Paju has expanded rapidly through dense residential developments in recent years.

This rapid growth left the city’s outer edges with generic street layouts. These peripheral neighborhoods often lack high-quality public spaces.

The city held a design competition to address the community’s healthcare needs. Officials originally asked architects to design two separate buildings on the site.

Architectural firm sol89 took a different approach and proposed a single structure. The lead design team included María González, Juanjo López de la Cruz, Yunhee Lim, and Jongjin Lee.

They built a unified, compact, and highly porous complex. The facility officially reached completion in 2025.

The layout physically pulls the adjacent metropolitan park directly through the center of the building. This creates a continuous flow between the indoor facilities and the outdoor landscape.

Why it matters

The unified design creates a massive internal public void.

This central space serves as a modern reinterpretation of the traditional Korean madang. A madang is a historic courtyard style built specifically for communal gathering and relaxation.

By placing this open courtyard in the middle, the architects naturally separated the different care programs. Elderly residents and disabled visitors receive distinct treatment zones.

However, they do not have to navigate completely isolated buildings. The porous layout funnels natural light and fresh air into the dense urban fabric.

It acts as an environmental oasis in a neighborhood otherwise dominated by concrete housing blocks.
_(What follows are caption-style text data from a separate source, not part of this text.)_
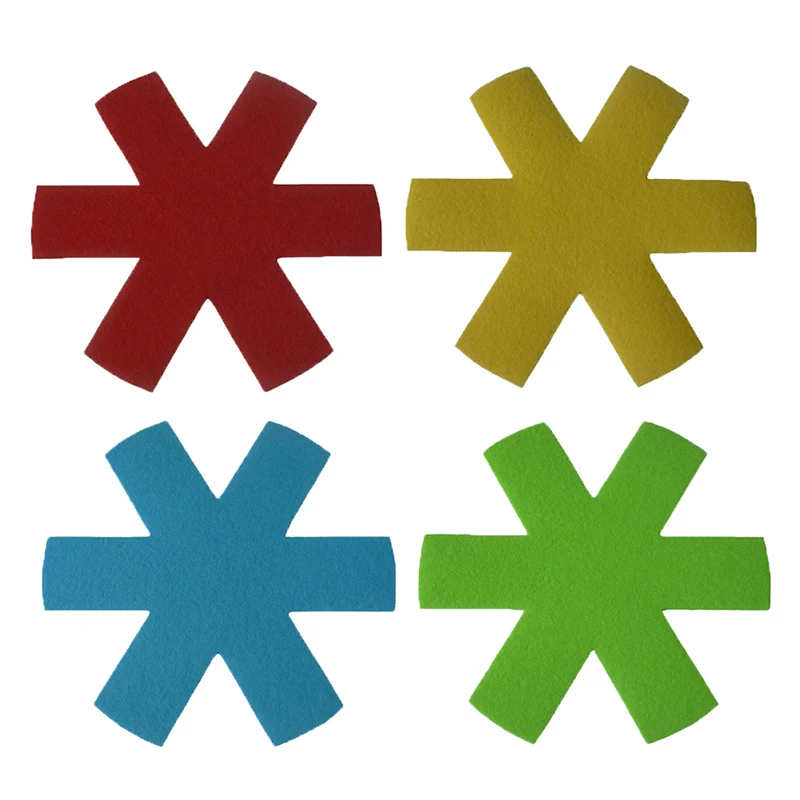 

4Pcs/set Non-woven Fabrics Pots Pans Separator Scratchproof Protectors For Pans New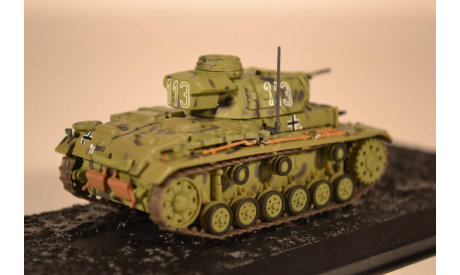 PZ.KPFW.III AUSF.G (Sd.Kfz.141) 21. Panzerdivision 1941, масштабная модель, scale72, Altaya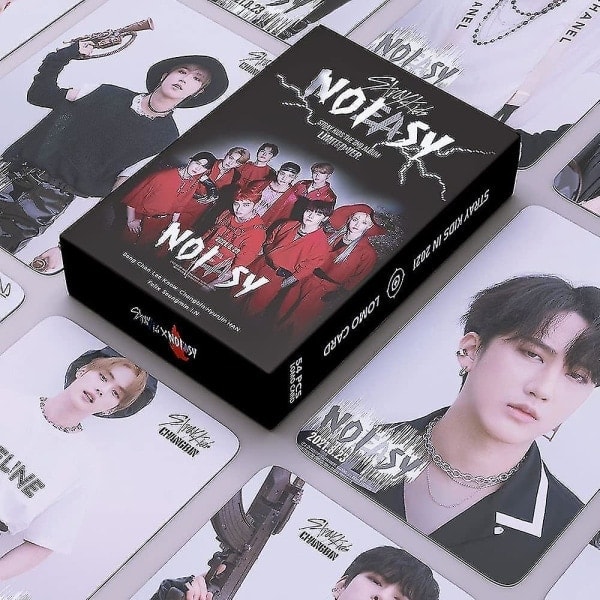 Straykids Lomo-kort 55st Straykids Noeasy Albumkort Minikort för fans Straykids Merchandise Posterkort (svart)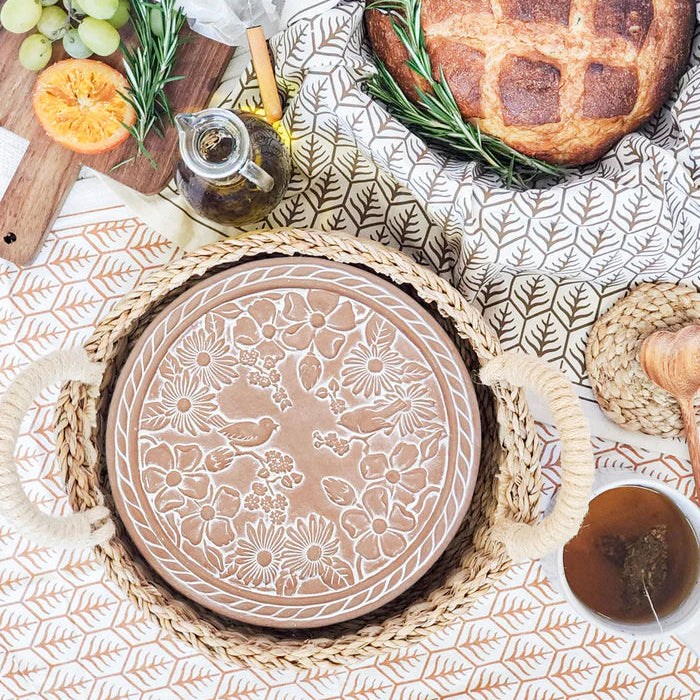 Bread Warmer & Basket Round Gift Set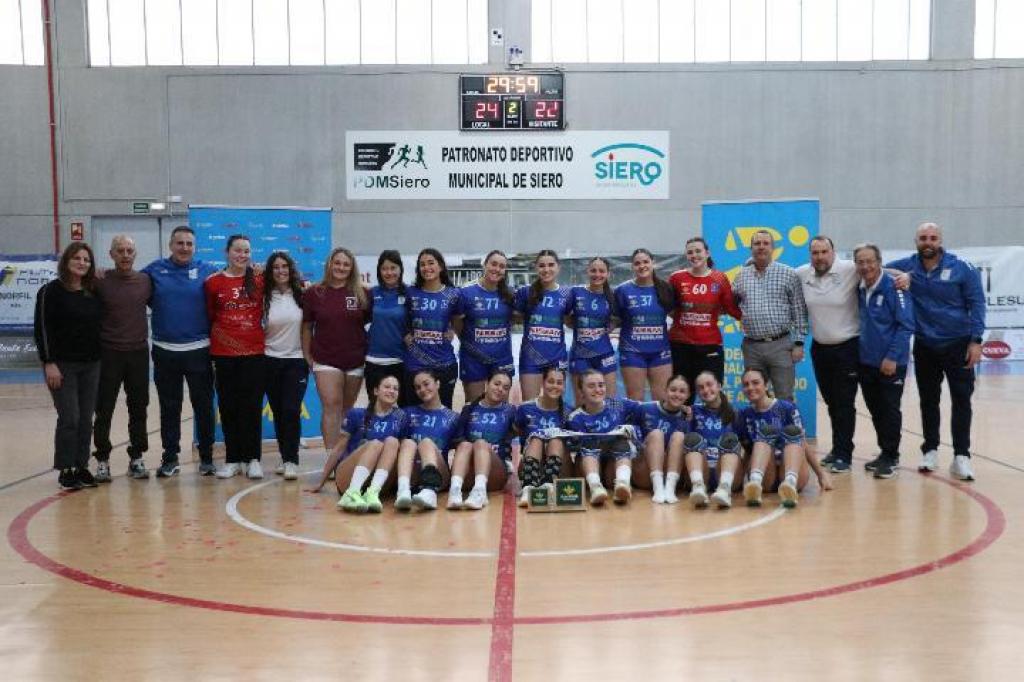 El Siero Deportivo Balonmano, campeón de Asturias en categoría juvenil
The design encourages casual meetings between different community groups.

It turns a standard medical facility into a civic landmark.

The catch

The project actively defied the original competition brief.

Paju officials specifically requested two distinct buildings to keep the elderly and disabled programs completely separate. Combining them into one massive structure required highly precise internal zoning.

The shared central courtyard must safely handle the distinct mobility needs of both groups. Facility managers now have to balance communal interaction with patient privacy.

The success of the madang concept depends entirely on how well the staff manages this shared space in practice. Dense urban environments also pose ongoing noise and traffic challenges for open-air recovery spaces.

What to verify

Check how the Paju City Government currently manages the daily operations of the combined care programs.

Review local feedback regarding the accessibility of the central courtyard for visitors with severe mobility issues.

Confirm the exact opening dates and current patient occupancy levels of the 12,560-square-meter facility.

Look into the specific structural engineering solutions handled by the Sen Structure Research Institute.

Investigate the mechanical and electrical systems installed by Bumchang Engineering to support the porous design.

Source trail

Details on the architectural design, the madang concept, and the competition brief come from ArchDaily.

Information regarding the project’s lead architects, engineering partners, and the 2025 completion date was provided by the sol89 project team.